After decades of obscurity during which modernism eclipsed California plein-air and Tonalist painting, the revival of the 1980s and ’90s brought about a long-term upswing that is still going on. Of course, the recession of 2008–09 has affected the California market as it has in all art fields. Ganz says, “Although the market certainly isn’t where is was five years ago, we are selling paintings, especially top-tier works in terms of quality. But if someone wanted to acquire a few paintings or put a collection together, now would be the time to buy.” He explains that at the entry level, a beginning collector “can get nice collectible material between $10,000 and 20,000—something that would really hold up over time.” The next tier up would be in the $20,000–75,000 range, and the top is six figures to over $1 million.
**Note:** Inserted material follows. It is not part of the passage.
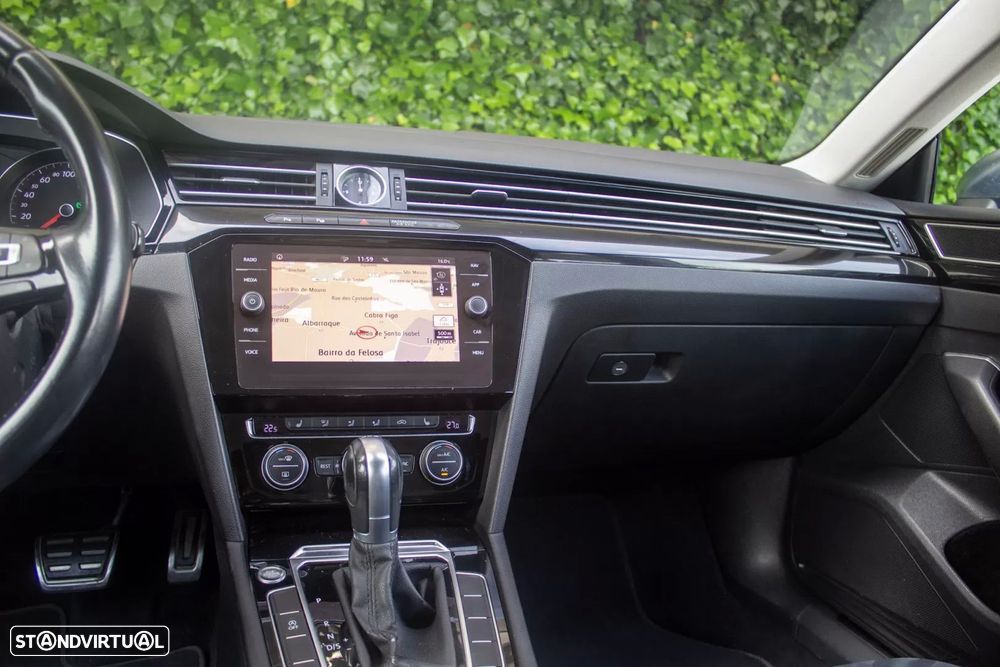 VW Arteon 2.0 TDI Elegance DSG - 16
Auction houses are also seeing a relatively soft market right now. “The California Impressionist market is still in recovery, but we are seeing good prices consistently now for the “A” artists,” says Katie Halligan, vice president and fine art sales director at John Moran Auctioneers, in Altadena, which holds two sales a year devoted to early California painting. “Buyers are willing to step up for Payne, Rose, and so on.” Scot Levitt, Bonhams’ director of fine arts in L.A. and San Francisco, says, “The top end of the market continues to be strong, and, as best we can tell, always will be strong. For anything else, the market is volatile, it’s up and it’s down. Sales that used to be 90 percent sold are now 75 or 80 percent, and that’s entirely due to the economy.”
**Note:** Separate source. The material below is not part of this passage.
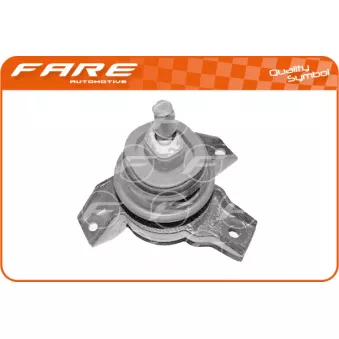 Support moteur FARE SA 12377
Stern says, “We can still sell paintings in the six and seven figures, but there are great opportunities for beginning collectors to come into it and pay under $10,000. There are very fine quality painters you can still collect because they are not on radar of most collectors.” Among the undervalued artists he cites Clarence Hinkle, “a post-Impressionist who can occasionally get into an almost expressionist style of work,” Aaron Kilpatrick, William Judson and John Bond Francisco. Alternately, one could try collecting works in a style other than that for which an artist is most famous. Stern observes that Redmond’s moodier Tonalist paintings sell for significantly less than his more familiar verdant landscapes with poppy fields. In general, Tonalist works are lower priced, and Peters’ night scenes, says Stern, are “interesting and desirable but not so expensive.”
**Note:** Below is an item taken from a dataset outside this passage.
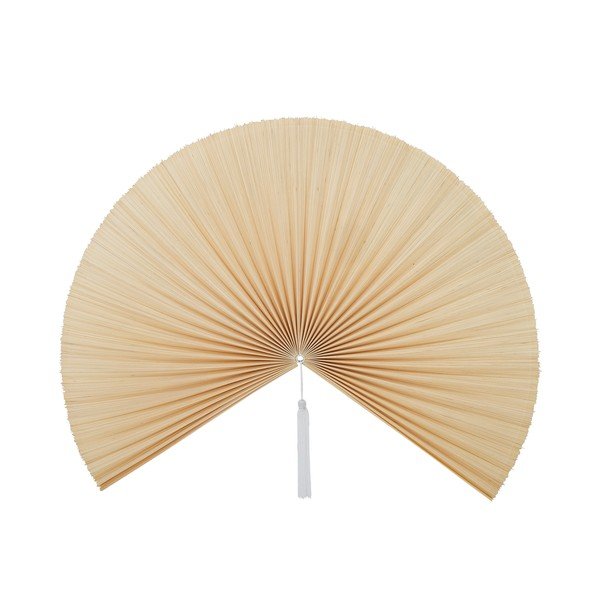 Stenska dekoracija iz bambusa 150x110 cm Jaime – Bloomingville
Whatever one buys, early California paintings will likely continue to appeal, both within and outside their home state. “I’ve had a lot of clients who collect it because they love Impressionism and obviously it’s cost-prohibitive to collect paintings by great French Impressionists—if they were even available,” says Ganz. “But it’s also it’s about the place where they grew up. The attraction is historical, topographic and aesthetic. You look at these paintings and think, wow, that’s what the area used to look like before there were any houses there!” Stern points out that California painting is “very straightforward, very appealing, and the concept of beauty is something that is very relevant to it. Those are not the primary motivating factors for people who are collecting contemporary art, but it was with these painters.”